# J Springs



## Guest (Mar 3, 2011)

Has anyone got a quartz J Springs diver? I'm looking at them on fleabay and for the price they don't look too bad, any opinions on them? I know they're a Seiko subsidiary but that doesn't mean anything...


----------



## Uncle Alec (Feb 14, 2011)

Funny you should ask that. I have one. I am quite happy to give you a complete history of it in my ownership, but as I have owned it for about 15 minutes that may not be over helpful. I bought it from "another place" as my 50th posting hadn't come up on here at that time.

I found quite a lot about J.Springs by googling..

It looks like a lot of watch for the money.


----------



## Guest (Mar 3, 2011)

I've got a BBH103 "Prestige Sports Blue Dial Bracelet Watch" on the way, it does look really nice in the piccy but I don't look too bad in a piccy either so that's not saying much!


----------



## normdiaz (May 5, 2004)

MHO, but I don't think you can go wrong with a J. Springs anymore than you can with any other Seiko sub-brand such as Pulsar or Alba. (This assumes you purchase one new from a reliable vendor or used from a trusted source.) :cheers:


----------



## johnbaz (Jan 30, 2005)

Hi Avidfan

I have a J Springs and I must say, it's a smashing watch for the money B)

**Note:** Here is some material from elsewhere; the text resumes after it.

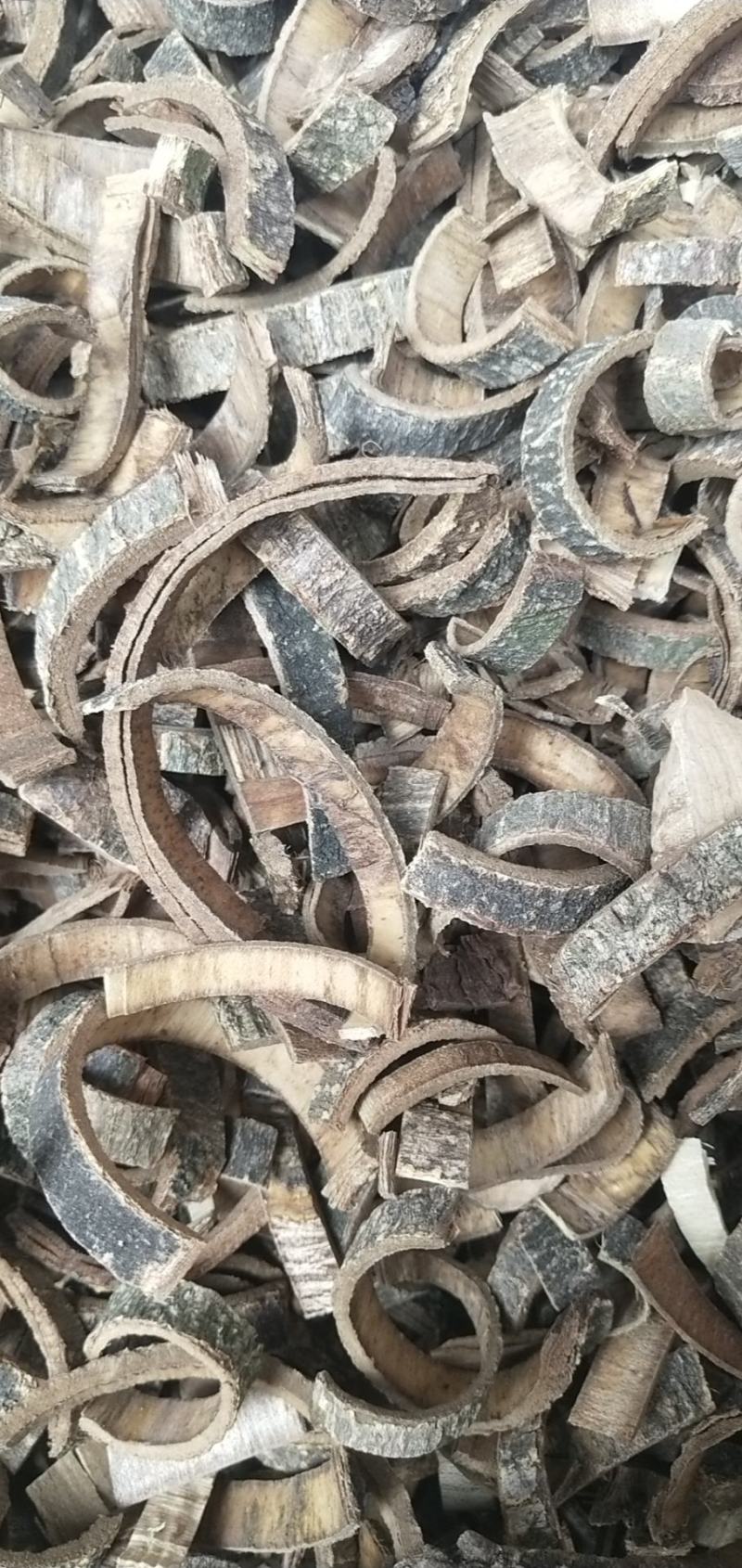 海桐皮（鲜皮加工的）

I fitted a new battery a few weeks ago and it's happily ticking away nicely..




























The bracelet is solid stainless links 

John


----------



## mrteatime (Oct 25, 2006)

johnbaz said:


> Hi Avidfan
> 
> I have a J Springs and I must say, it's a smashing watch for the money B)
> 
> ...


now that looks pretty cool.....might have to have a looky for one of those


----------



## Guest (Mar 5, 2011)

johnbaz said:


> Hi Avidfan
> 
> I have a J Springs and I must say, it's a smashing watch for the money B)
> 
> ...


Yeah, mine came today and it's a cracking watch-very surprised at the quality! I've got another coming Tuesday but in white!


----------



## Uncle Alec (Feb 14, 2011)

It must surely be a good watch - you've got it in black and white.


----------



## Craiginuk (Mar 4, 2011)

That really looks good. I hadn't heard of these until joining this forum. looks like a lot of watch for the money.


----------